[Exercise description]
Please return the listing below word for word, minus its pictures.

[Recorded information]
· · ·
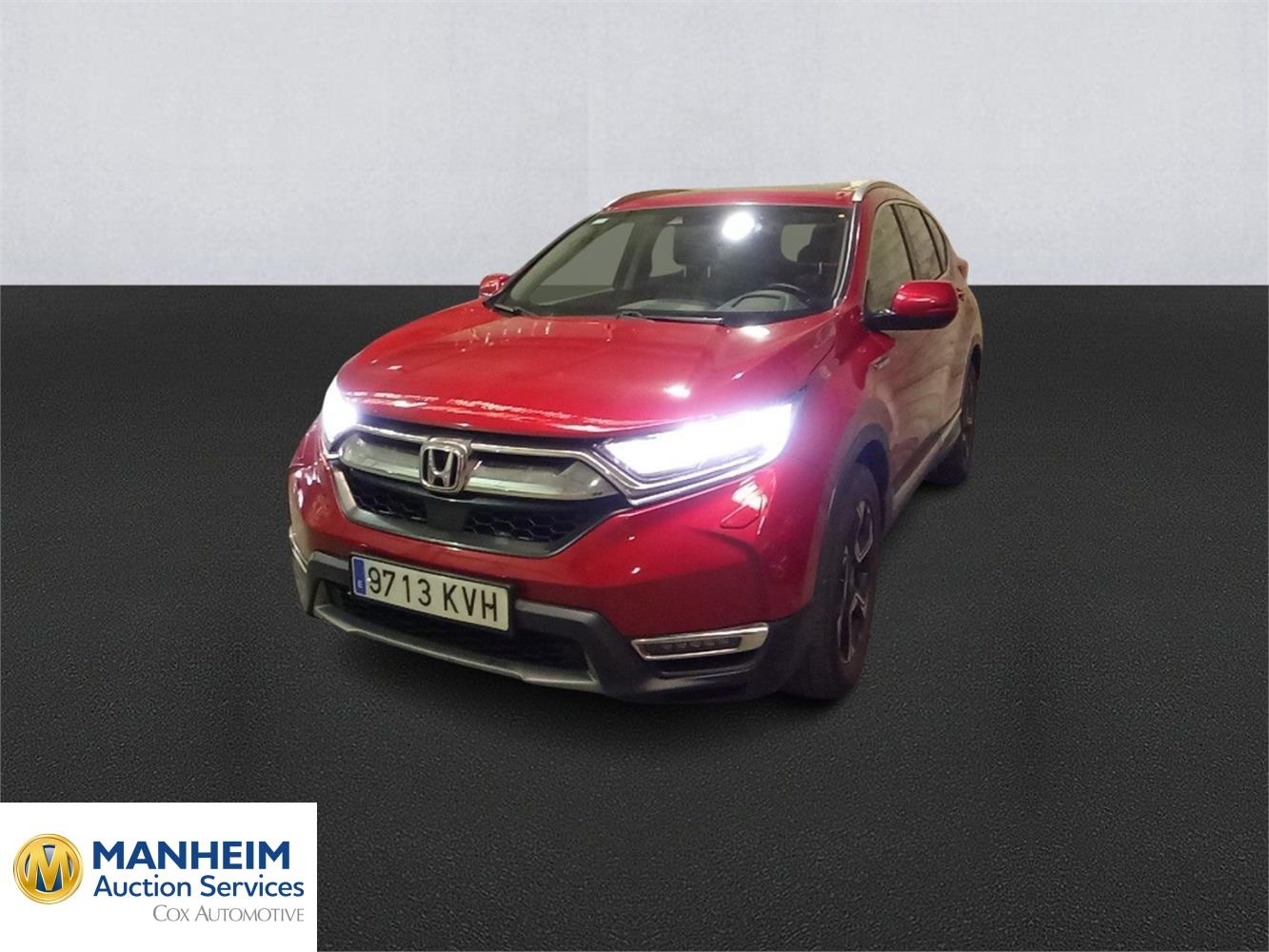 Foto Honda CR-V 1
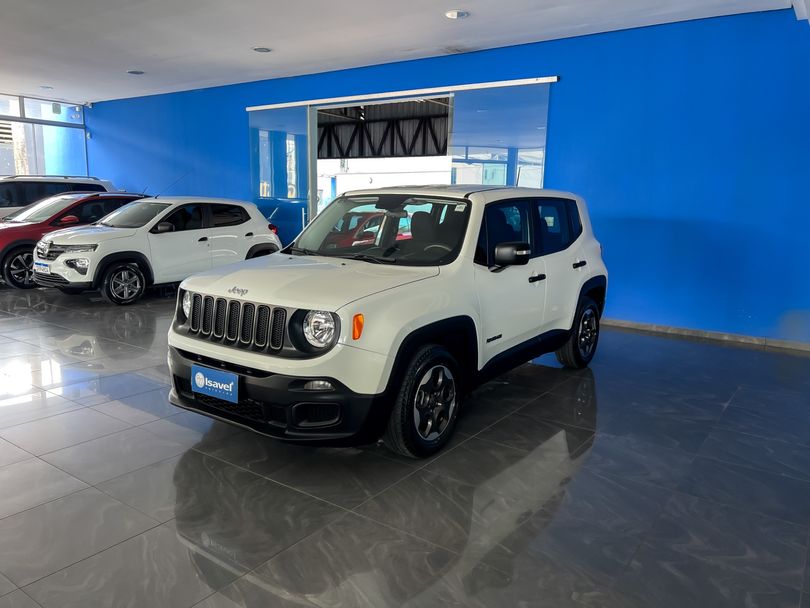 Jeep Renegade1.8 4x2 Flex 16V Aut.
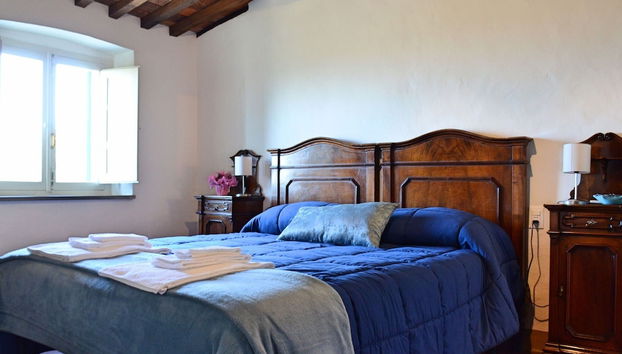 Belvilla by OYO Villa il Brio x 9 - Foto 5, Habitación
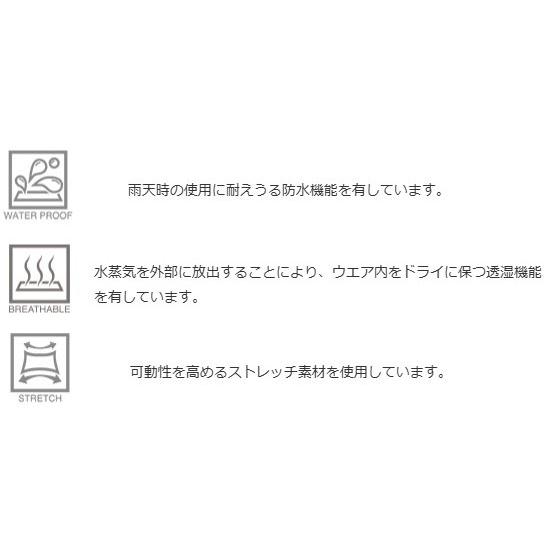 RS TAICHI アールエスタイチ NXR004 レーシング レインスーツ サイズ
· · ·
[Task answer]
 Foto Honda CR-V 1
 Jeep Renegade1.8 4x2 Flex 16V Aut.
 Belvilla by OYO Villa il Brio x 9 - Foto 5, Habitación
 RS TAICHI アールエスタイチ NXR004 レーシング レインスーツ サイズ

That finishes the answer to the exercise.